Oasis, The Beatles and bad faith arguments
I am currently writing a long-form piece (it’s at 6,000 words and counting) that is looking at the Summer of Oasis, mourning, middle age and recklessly driving country roads in 1988. It’s just something I need to write and until it is finished, I will likely have less to post on the blog.
In the meantime, here is an excerpt of the article. Enjoy.
Let’s get something straight. Oasis does not sound like The fucking Beatles. Not any more than about 400 other bands, anyway.
Yet, in the helicon days that followed the reunion announcement, there was a recurring theme on social media: Oasis was an overrated, The Beatles tribute band that would never even make the opening date of the tour anyway because they were going to kill each other. Also, they were only doing it for the money. You know, unlike all those other purely altruistic bands that put on multi-stop world tours.
Those who were excited by the announcement were painted as being naïve, knuckle-dragging, drunk, and uncultured. We were wrong to be excited by Oasis and no one really cared anyway.
It was exhausting. It was also predictable. In the 16 years since the boys tried to kill each other in Paris, it had become cool to hate Oasis. They and their fans had become shorthand for being boorish, a lad, obnoxious, and any other description of someone who you would not want to spend time with at the pub.
What it often boiled down to, just like it did in the 90s during that whole Blur thing, was class. Specifically, Oasis weren’t the right kind of band from the right kind of background. Therefore, it was ok to dismiss their success as being unworthy of praise and without artistic merit. They aren’t the only highly successful and popular band to deal with this attitude – it’s also the basis of Nickelback hate (although they might have it even worse), if we are being perfectly honest – and although on one hand it doesn’t really matter, on another it very much does. Not that you can’t dislike a band. No, It’s ok to not like a band – I wouldn’t call myself a Nickelback fan, even if I think some of the hate they get is because they are from an unfancied part of the world, for instance—but it’s not ok to suggest that liking that band makes you a bad person, or a person without taste and culture.
The Oasis-haters were very much saying just that. We were too dumb and uncultured to appreciate just how much they sucked, right?
And how much they sound like The Beatles. They added, with oh so much originality.
I’ve been trying to figure out what those The Beatles criticisms were about for years. Like, musically. Liam named his kid Lennon, so we understand he’s a fan, but sonically speaking, does Oasis really sound like The Beatles?
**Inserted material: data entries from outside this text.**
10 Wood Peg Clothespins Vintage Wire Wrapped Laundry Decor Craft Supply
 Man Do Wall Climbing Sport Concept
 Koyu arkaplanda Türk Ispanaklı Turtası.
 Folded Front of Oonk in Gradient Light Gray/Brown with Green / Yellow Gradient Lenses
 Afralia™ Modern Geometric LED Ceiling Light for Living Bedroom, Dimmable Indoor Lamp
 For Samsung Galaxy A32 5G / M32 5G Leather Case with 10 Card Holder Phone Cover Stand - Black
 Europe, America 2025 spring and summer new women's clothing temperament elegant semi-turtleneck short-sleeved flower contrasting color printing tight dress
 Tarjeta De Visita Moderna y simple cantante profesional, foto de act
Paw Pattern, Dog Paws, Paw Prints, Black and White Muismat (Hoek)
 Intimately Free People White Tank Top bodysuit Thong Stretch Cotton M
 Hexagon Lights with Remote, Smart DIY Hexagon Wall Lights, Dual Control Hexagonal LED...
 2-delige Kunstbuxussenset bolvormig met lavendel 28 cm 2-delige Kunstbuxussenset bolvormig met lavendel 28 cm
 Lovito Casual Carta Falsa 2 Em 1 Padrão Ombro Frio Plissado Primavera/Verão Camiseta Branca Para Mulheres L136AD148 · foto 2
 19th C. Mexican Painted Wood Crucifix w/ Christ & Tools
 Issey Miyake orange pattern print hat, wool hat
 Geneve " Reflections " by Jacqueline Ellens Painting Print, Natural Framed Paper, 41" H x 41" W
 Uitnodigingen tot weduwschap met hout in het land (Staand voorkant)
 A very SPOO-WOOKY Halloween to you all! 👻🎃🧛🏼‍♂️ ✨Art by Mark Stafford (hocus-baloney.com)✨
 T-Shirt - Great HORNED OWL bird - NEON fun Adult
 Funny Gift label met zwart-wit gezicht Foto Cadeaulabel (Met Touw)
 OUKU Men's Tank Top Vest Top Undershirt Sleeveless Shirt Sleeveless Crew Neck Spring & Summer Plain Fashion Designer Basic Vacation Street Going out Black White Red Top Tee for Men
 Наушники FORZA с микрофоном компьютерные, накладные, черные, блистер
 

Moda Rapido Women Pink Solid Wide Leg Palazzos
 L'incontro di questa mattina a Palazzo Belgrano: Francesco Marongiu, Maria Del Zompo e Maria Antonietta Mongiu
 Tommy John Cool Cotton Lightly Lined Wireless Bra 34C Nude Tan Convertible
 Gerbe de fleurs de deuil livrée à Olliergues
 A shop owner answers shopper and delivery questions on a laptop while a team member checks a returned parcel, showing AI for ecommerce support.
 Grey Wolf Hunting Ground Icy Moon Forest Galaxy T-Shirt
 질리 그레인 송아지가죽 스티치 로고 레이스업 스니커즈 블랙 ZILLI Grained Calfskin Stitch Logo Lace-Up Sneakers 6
And, if they did, would that be such a bad thing?
So, let’s take a moment in our journey here to examine this criticism, shall we?
The first thing we need to ask ourselves when considering this Oasis-are-just-store-brand-The-Beatles idea is, what The Beatles era are we talking about? The Beatles are famously known for being transfigurative. The mop top kids that sang I Saw Her Standing There in 1963 are barely recognizable to the bearded and grumpy bunch that strung together 37 different ideas into a never-ending song that ended with some kind of point about the Queen on Abbey Road.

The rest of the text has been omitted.